(DATA Opens)
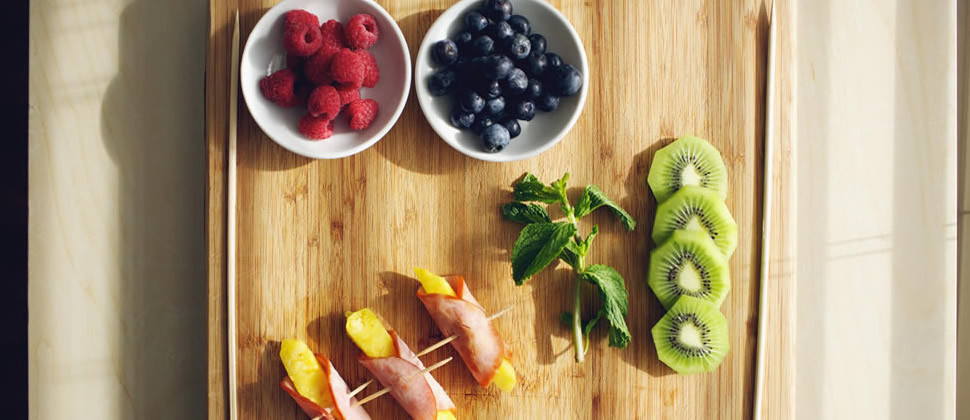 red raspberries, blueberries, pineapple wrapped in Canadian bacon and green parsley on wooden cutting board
(DATA Closes)
(DATA Opens)
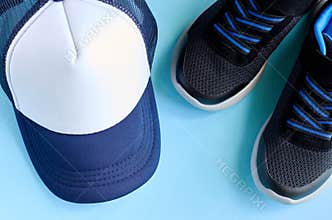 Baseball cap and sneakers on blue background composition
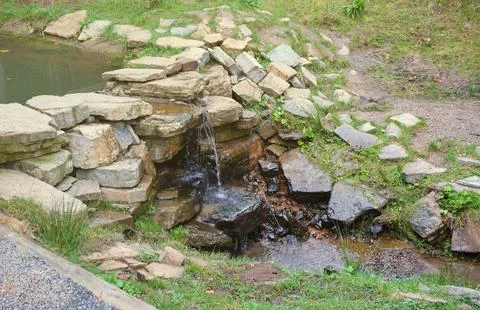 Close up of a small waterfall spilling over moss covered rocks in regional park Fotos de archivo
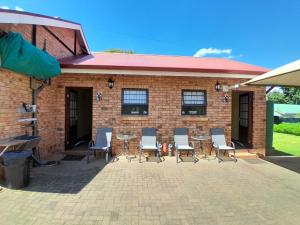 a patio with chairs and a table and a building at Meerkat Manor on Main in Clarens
(DATA Closes)
## TASK DETAILS:
An exact copy is needed. It runs from the line above containing "Close up of" down to the line containing "a patio with", both included, with no pictures.

## ANSWER BELOW:
 Close up of a small waterfall spilling over moss covered rocks in regional park Fotos de archivo
 a patio with chairs and a table and a building at Meerkat Manor on Main in Clarens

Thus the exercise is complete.